Spain may not be one of the leading economies in Europe, however, culturally speaking they have produced some of the best artists in the last century. Antoni Gaudí was one of them. Born in Riudoms in 1852, Gaudí would create some of Barcelona’s most iconic buildings and become one of the most influential architects of all time. Young Gaudí moved to the capital of Catalonia when he was just 16 to pursuit a career in architecture. The story goes that when Gaudí completed his degree, his teacher said: “We have given this academic title either to a fool or a genius. Time will show.” Gaudí proved his teacher right by living up to the prophecy and allowing time to declare him the genius we admire today. He is the epitome of the city and his works feature on any travel guide so if you’re headed to Barcelona, here are our suggestions:
The Lampposts of Plaça Reial
Located in the heart of the Gothic Quarter, the lampposts of Plaça Reial, were Gaudi’s first commissioned work. The architect believed that lampposts of this sort were extremely important, particularly in Mediterranean cities so that people could gather at night during the summer months. The lampposts blend perfectly with the neoclassical façade as well as the palm trees that add a certain tropical look to the square. Although these may not be one of Gaudi’s most important works, they are certainly a good example of the architect’s creative mind.
On number 43 of the Passeig de Gràcia you will find Casa Batlló, a modernist building erected in 1877 which was later renovated by Antoni Gaudí. The Casa Batlló is covered in what the Catalan people call trencadís, the broken ceramic tiles which became the architect’s trademark. Experts say that Gaudí redesigned the building according to the legend of Saint George and the Dragon. You will find several motifs alluding to the tale such as roof which resembles the mythical creature and the sword of Saint George also to be found near the top. From June to September the Casa Batlló runs the Magical Nights Festival on the Dragon Roof Terrace, with drinks, live music and art, all combined in one place.
Casa Milà (La Pedrera)
Just a few blocks up the road, more precisely on number 92 sits La Pedrera, or Casa Milà if you prefer, one of Gaudí’s most iconic buildings. This amazing structure was built in 1906 and by the time it was finished, most people disapproved. This type of response was certainly an indicator that Gaudí was delivering something completely new breaking with old traditions and established conventions. The building is remarkably bizarre with a wave shaped façade, tree like columns and floral ornaments that rise all the way to the logically impossible rooftop overlooking the avenue. Definitely not to be missed.
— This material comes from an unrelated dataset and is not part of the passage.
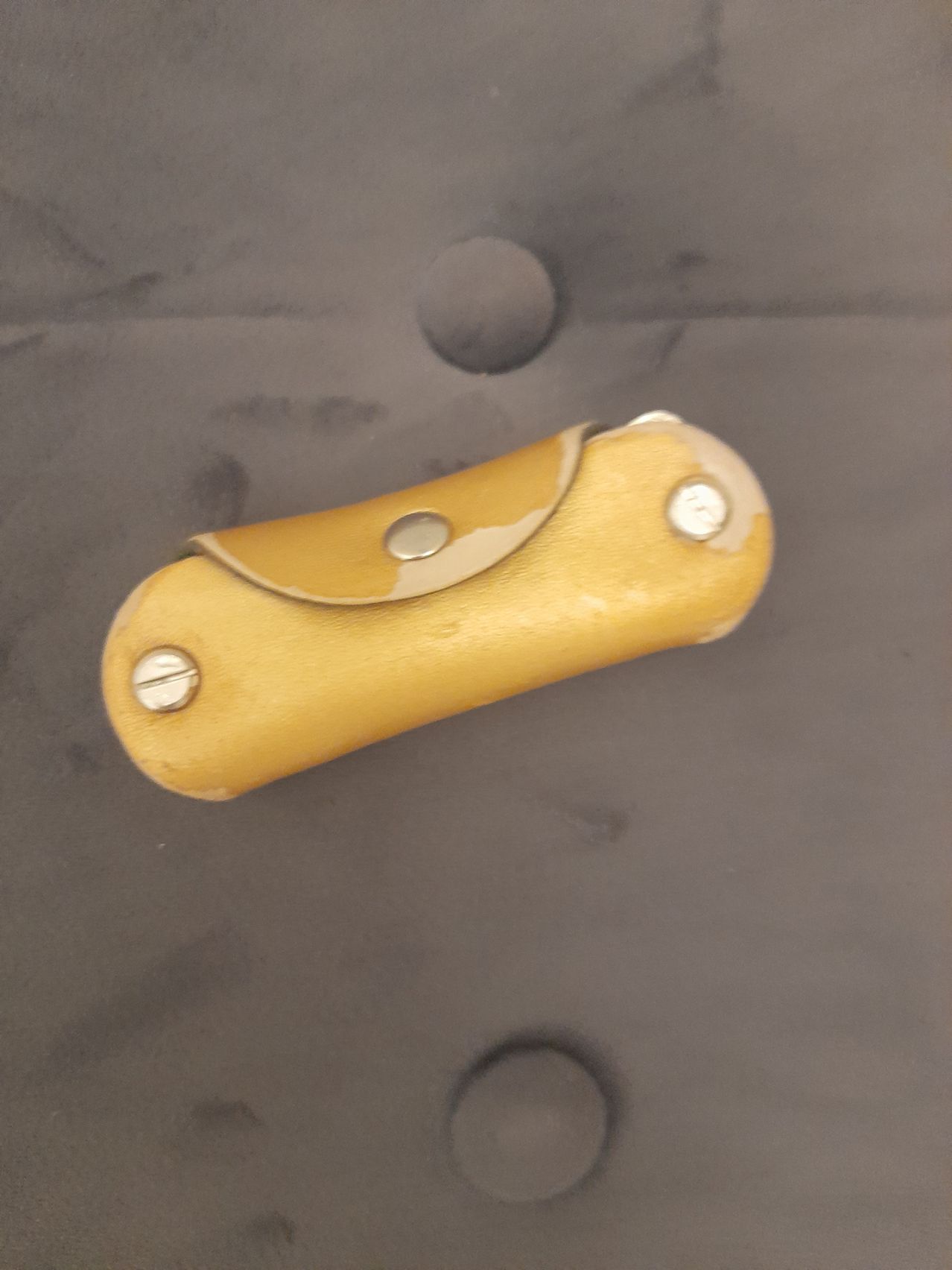 Ein Nahaufnahme eines kleinen, gelben, zylindrischen Objekts mit lederartigem Material und drei silbernen Schrauben auf einem grauen Hintergrund.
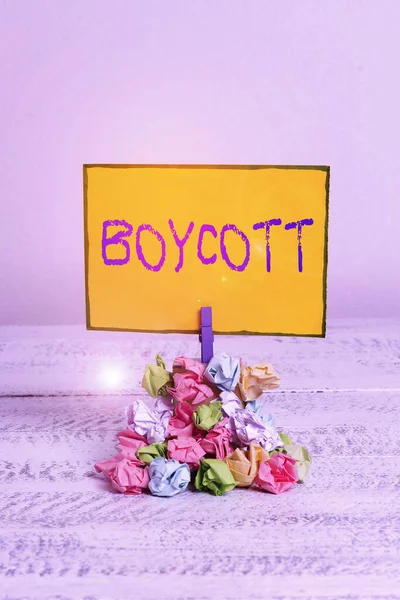 Writing note showing Boycott. Business photo showcasing stop buying or using the goods or services of a certain company Reminder pile colored crumpled paper clothespin wooden space.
Located on the north part of the city, Park Güell is another example of Gaudi’s naturalistic influences. The park was commissioned by a wealthy industrialist named Eusebi Güell and it was built between 1900 and 1914. At the entrance you will find the famous salamander, a symbol of the city also known as el drac, and once you get to the terrace, you will be rewarded with magnificent views of Montjuic, the Sagrada Família and the Mapfre Tower. The wave shaped seating is also one of the park’s highlights, covered in thousands of trencadís, the colourful mosaic shards. Gaudí himself lived in a house inside the park which would later become The Gaudí House Museum where many of his original works are displayed.
At the Carrer de les Carolines you will find Casa Vicens which was commissioned by Manuel Vicens in 1878. Gaudí kept reinvented himself to create his own style, mixing Moorish and Art Nouveau, using different types of materials such as tiles and iron to create unique works of art. This house was purchased by a private company which is planning to open it to the public in the end of 2016, although dates are not yet confirmed.
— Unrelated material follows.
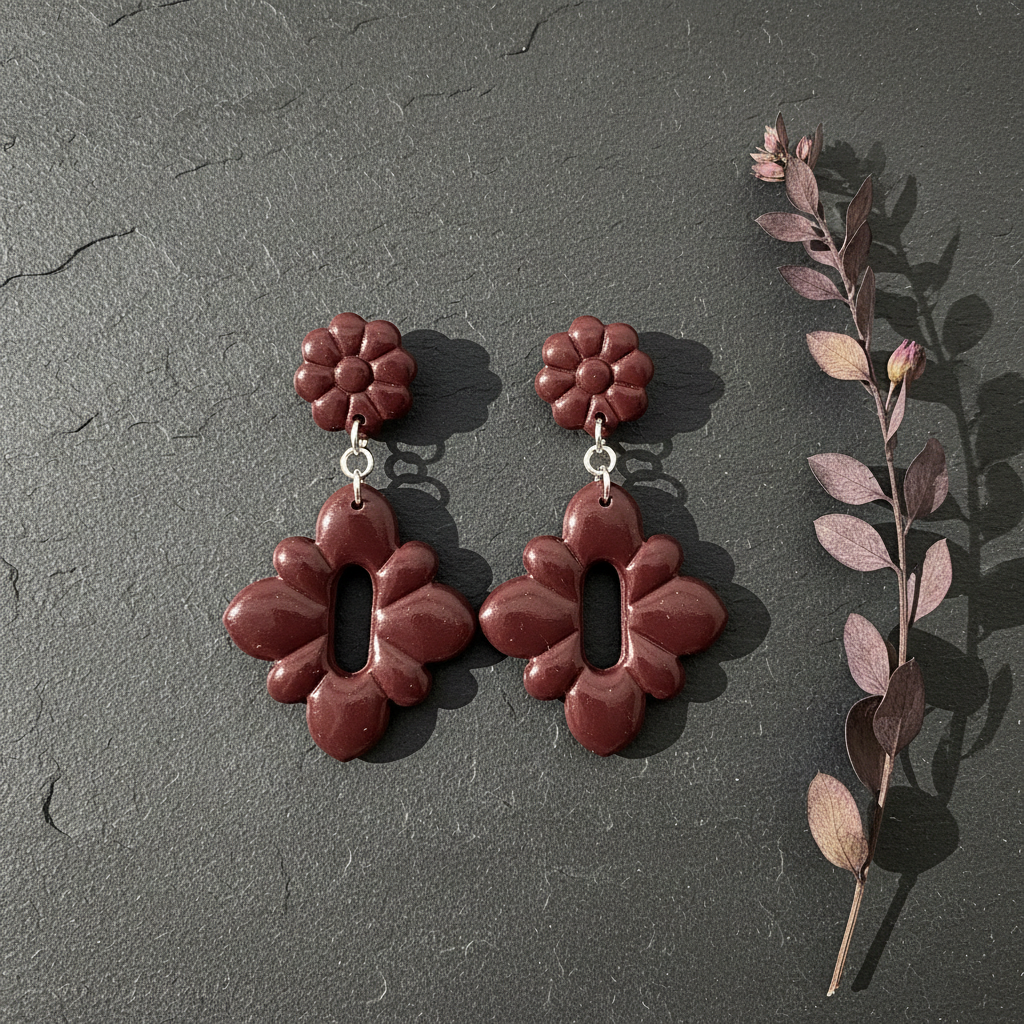 Flat lay of Crafty Larder Gerbera Drop Earrings in Mauve Wine on a dark moody surface with dried botanicals — handmade polymer clay dangle earrings in deep burgundy
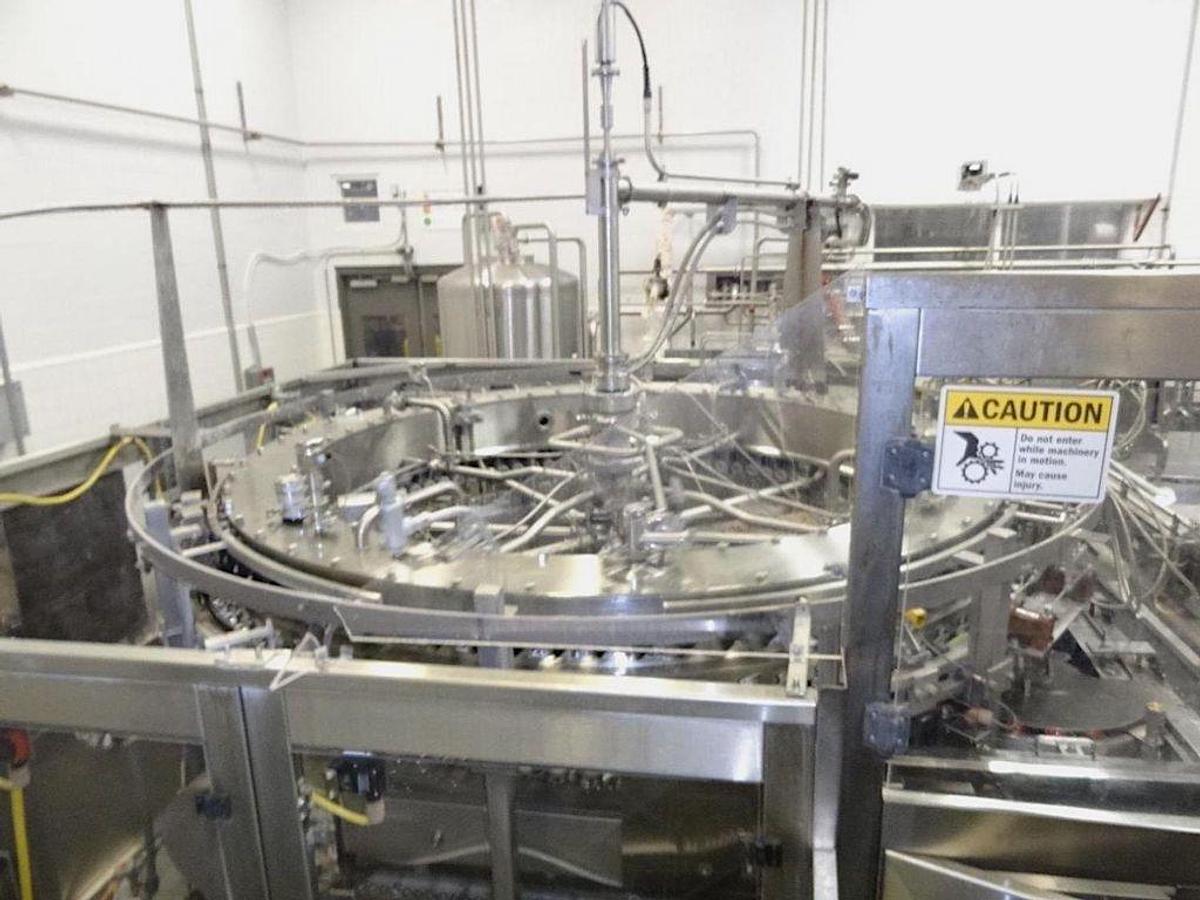 Used H&K 92 Valve Can Filler and Angelus 12 head Seamer model 120L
Gaudí left his project unfinished when he was fatally hit by a passing tram. The construction began in 1882 and after more than 100 years, is still ongoing. The Sagrada Família has sparked more controversy than any other building in the city of Barcelona. George Orwell, the famous English author said that it was one of the “most hideous buildings” he had ever seen. Salvador Dali, another artist emerged from Catalonia described it as “terrifying and edible beauty”. The Sagrada Família mixes Gothic, Art Nouveau and Gaudí’s naturalistic influences. His work on the Nativity façade is listed under the UNESCO World Heritage Sites and remains his most famous work.
So have fun and make the most out of your Barcelona experience. If you wish to find out more about Gaudí and the city of Barcelona, we would like to recommend the following:
Books: Gaudí: una novela
Written by Spanish author Mario Lacruz
A fictional work loosely based on Gaudi’s life by spanish author Mario Lacruz.
(2004, Barcelona, ediciones B, colección Ficcionario, No. 223)
Books: Gaudí: The Complete Buildings
The complete works of Antoni Gaudí with text and large illustrations.
Author: Rainer Zerbst
Films: L’Auberge Espagnole (Pot Luck)
A Spanish and French production that follows the life of graduate student Xavier who travels to Barcelona for a life changing experience.
Starring Audrey Tatou and Romain Duris. Written and directed by Cédric Klapisch.